_WHAT IS NEEDED_
For the data below, retype word for word the lines from the one containing "Michael Kors Emerald" through the one containing "Avery PermaTrack Metallic"; drop the pictures.

Crawled caption data:

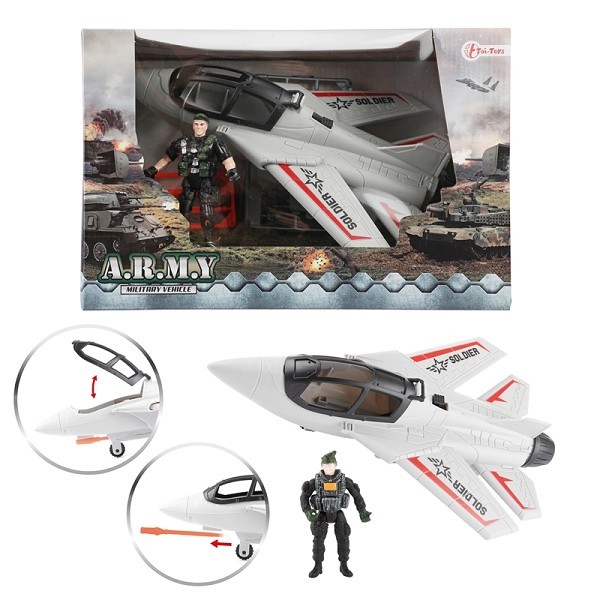 Toi Toys Army Gevechtsvliegtuig militair met soldaat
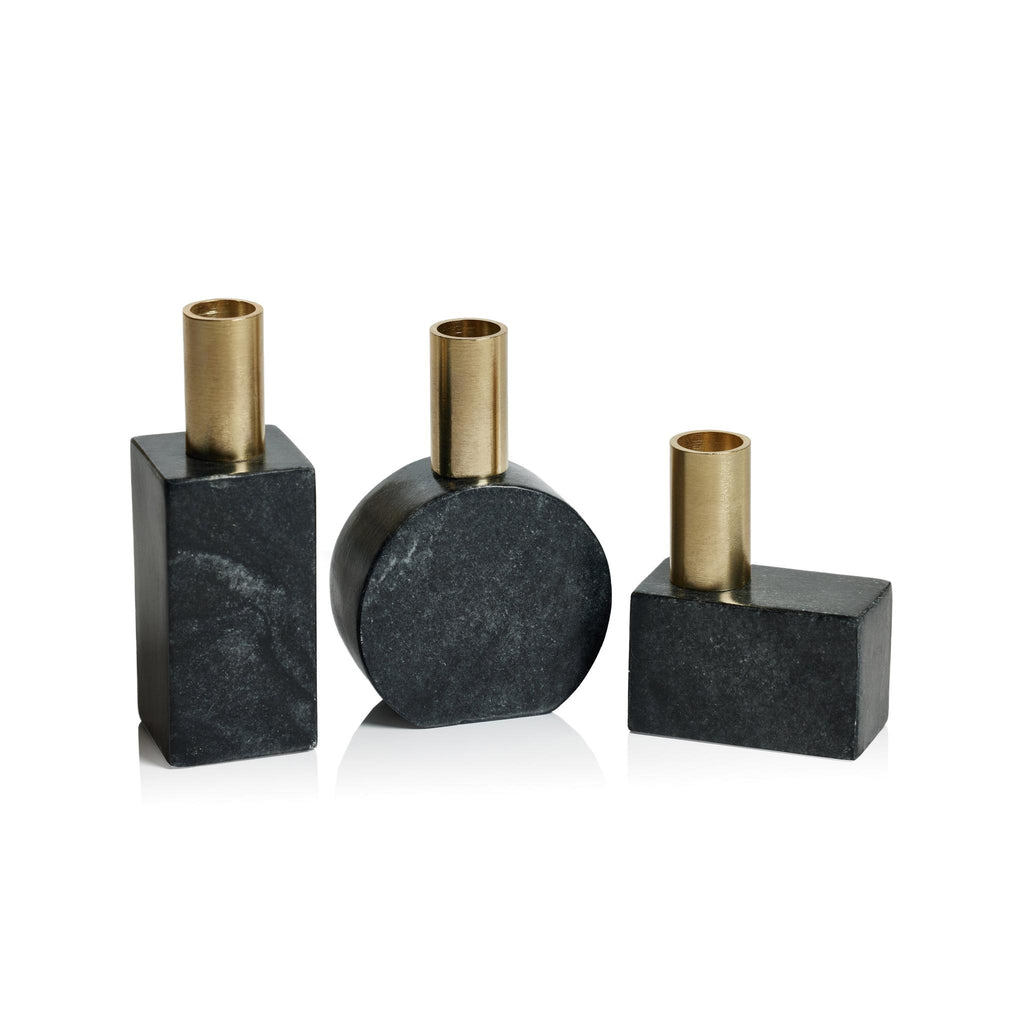 Zodax Black Malakai Rectangular Marble Candle Holders, Set of 2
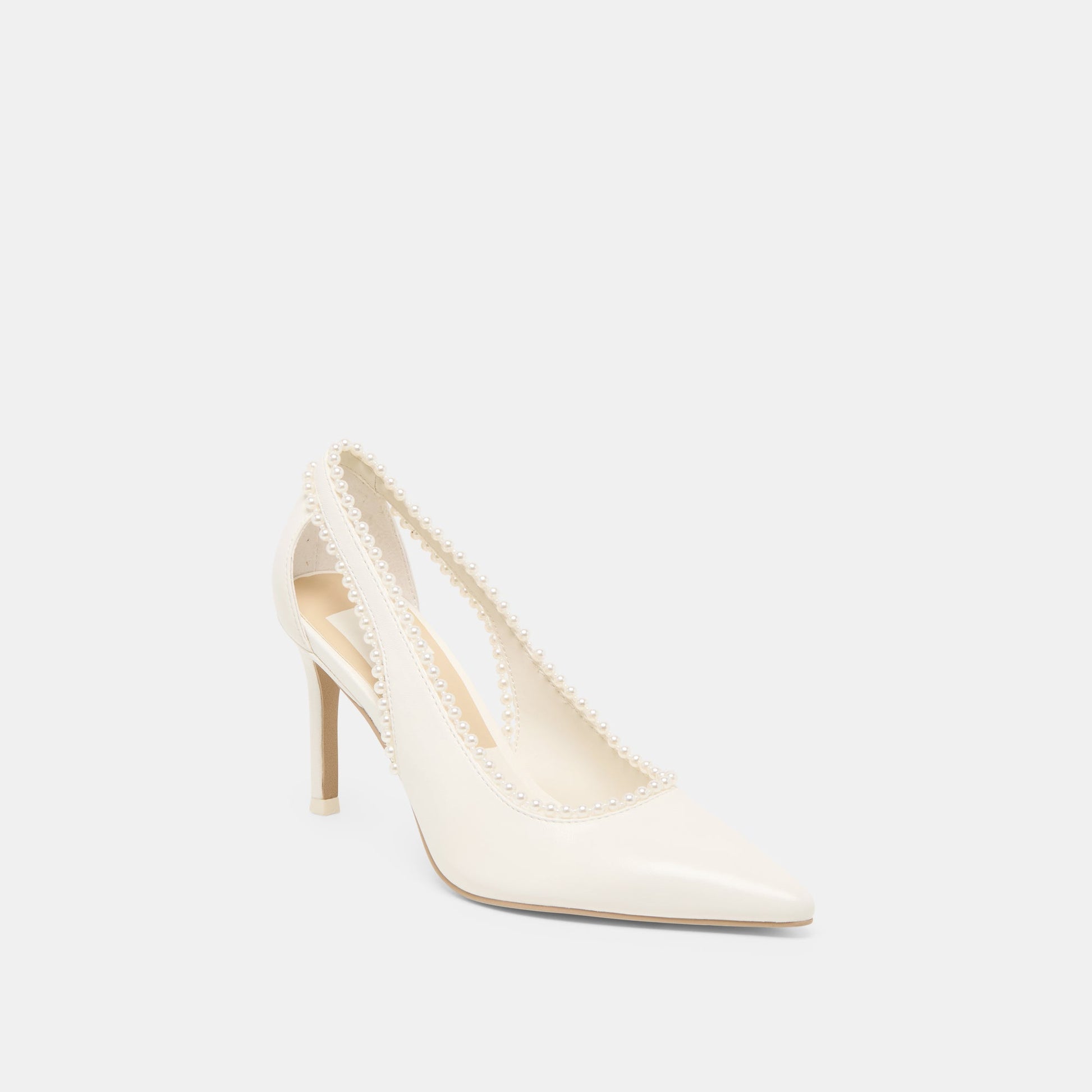 Kelson Pearl True White Leather Heels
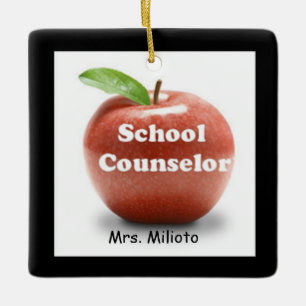 Rotes Apple schulen Ratgeber-Weihnachtsverzierung Keramikornament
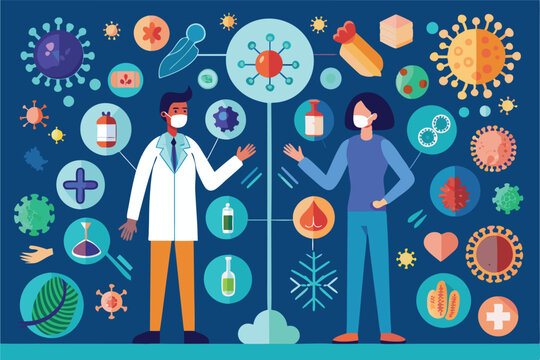 This infographic contrasts innate and adaptive immunity using vibrant visuals for easy comprehension Infographics with difference between innate and acquired immunity,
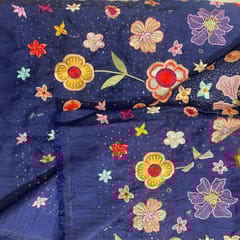 Blue Color Dupion silk Embroidery fabric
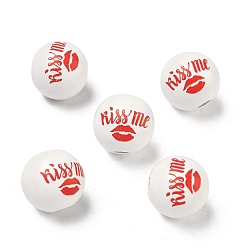 Белый Европейские деревянные бусины ко Дню святого Валентина, окрашенные распылением и напечатанные, круглый с узором губ, бусины с большим отверстием, белые, 15~16 мм, отверстие : 4 мм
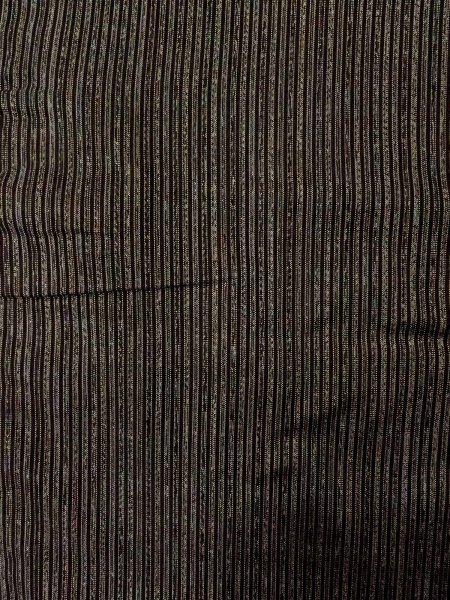 Photo12: Mint O0312T Used Japanese kimono   Black OSHIMA-TSUMUGI for men / Silk. Stripes   (Grade A) (12)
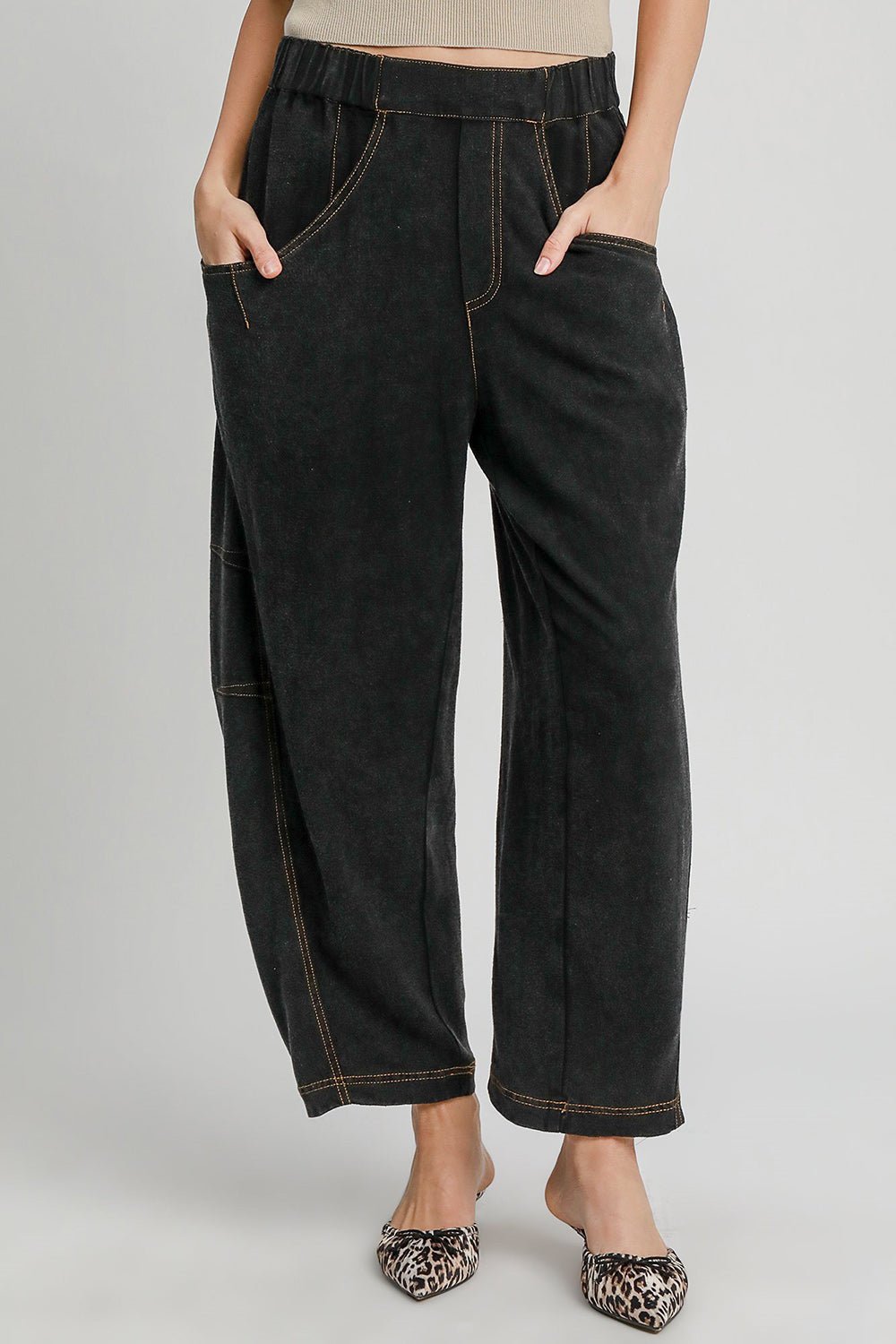 UMGEE - Black Elastic Waist Baggy Fit Pants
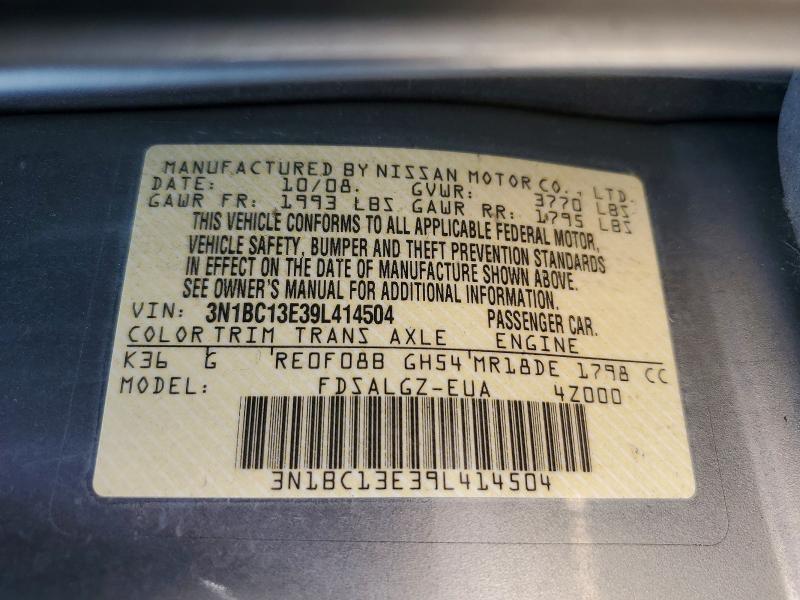 Продажа на аукционе авто 2009 Nissan Versa, vin: 3N1BC13E39L414504, номер лота: 63069556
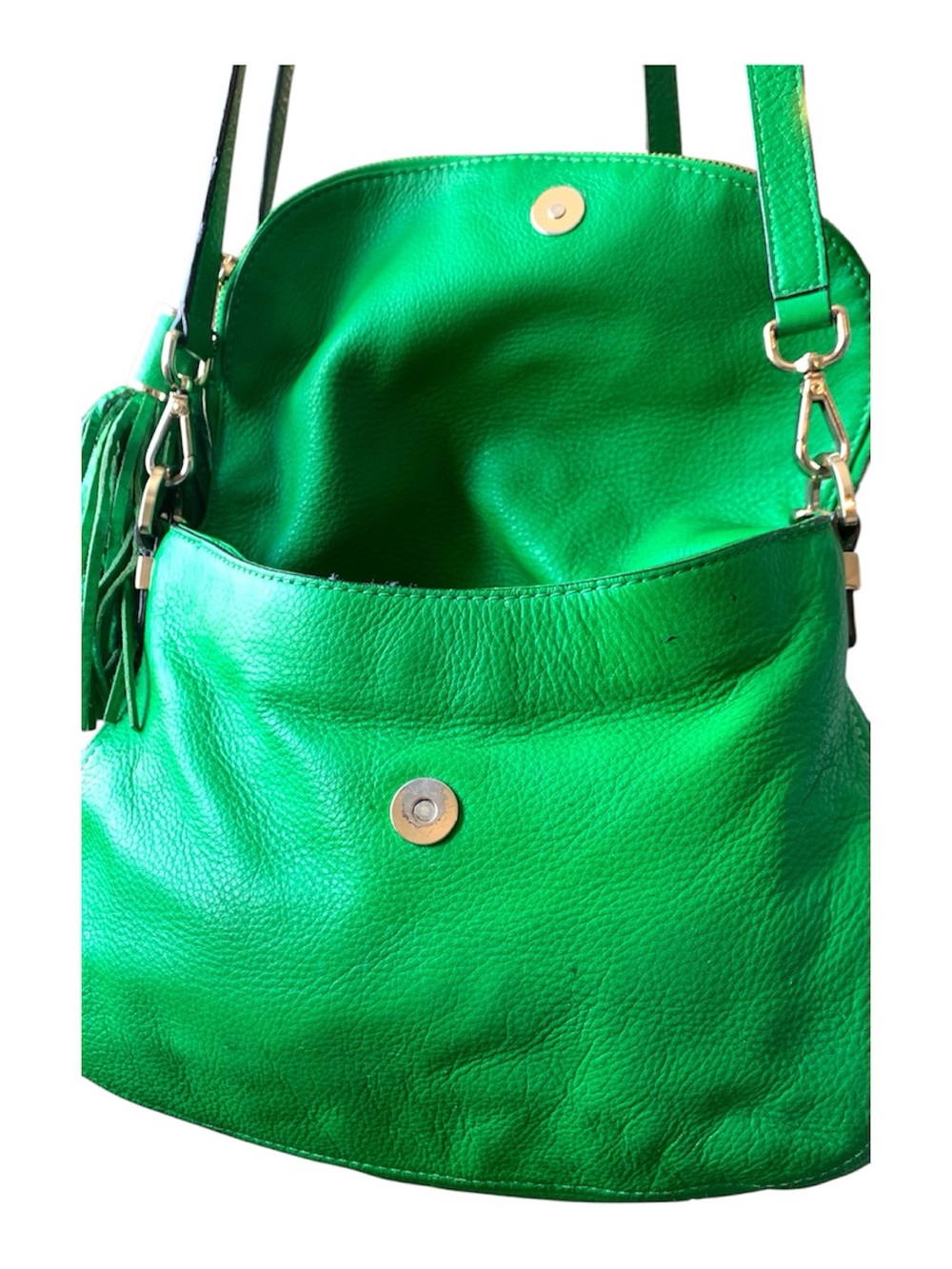 Michael Kors Emerald Green Leather Crossbody with Gold Chain - Picture 5 of 8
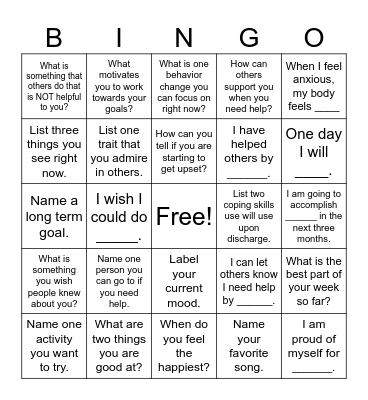 Mental Health Bingo Card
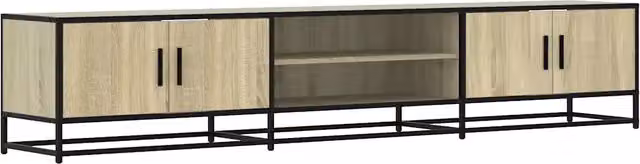 Mobile TV in legno multistrato con ampio spazio di archiviazione 210 x 35 x 41 cm stile industriale rovere Sonoma 02_0055614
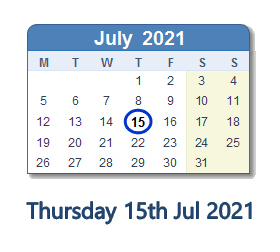 15 July 2021 calendar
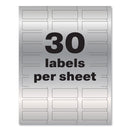 Avery PermaTrack Metallic Asset Tag Labels, Laser Printers, 0.75 x 2, Metallic Silver, 30/Sheet, 8 Sheets/Pack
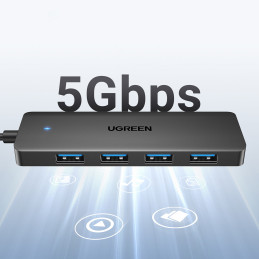 Ugreen CM219 35574 šakotuvas su 4 USB-A 3.0 prievadais ir 1 m USB-A 3.0 laidu - juodas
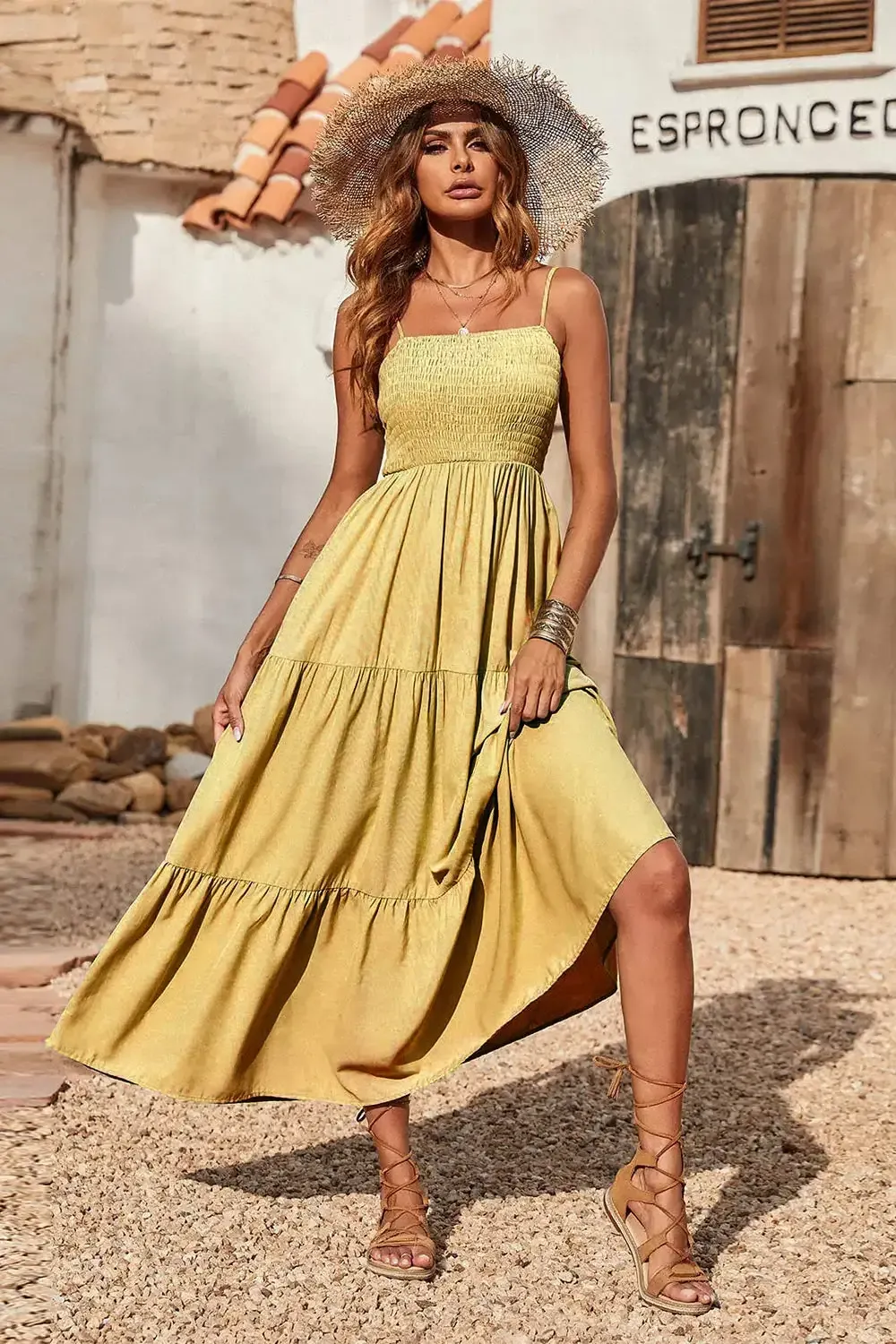 Sleeveless Spaghetti Strap Smocked Tiered Maxi Dress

_SOLUTION BELOW_
 Michael Kors Emerald Green Leather Crossbody with Gold Chain - Picture 5 of 8
 Mental Health Bingo Card
 Mobile TV in legno multistrato con ampio spazio di archiviazione 210 x 35 x 41 cm stile industriale rovere Sonoma 02_0055614
 15 July 2021 calendar
 Avery PermaTrack Metallic Asset Tag Labels, Laser Printers, 0.75 x 2, Metallic Silver, 30/Sheet, 8 Sheets/Pack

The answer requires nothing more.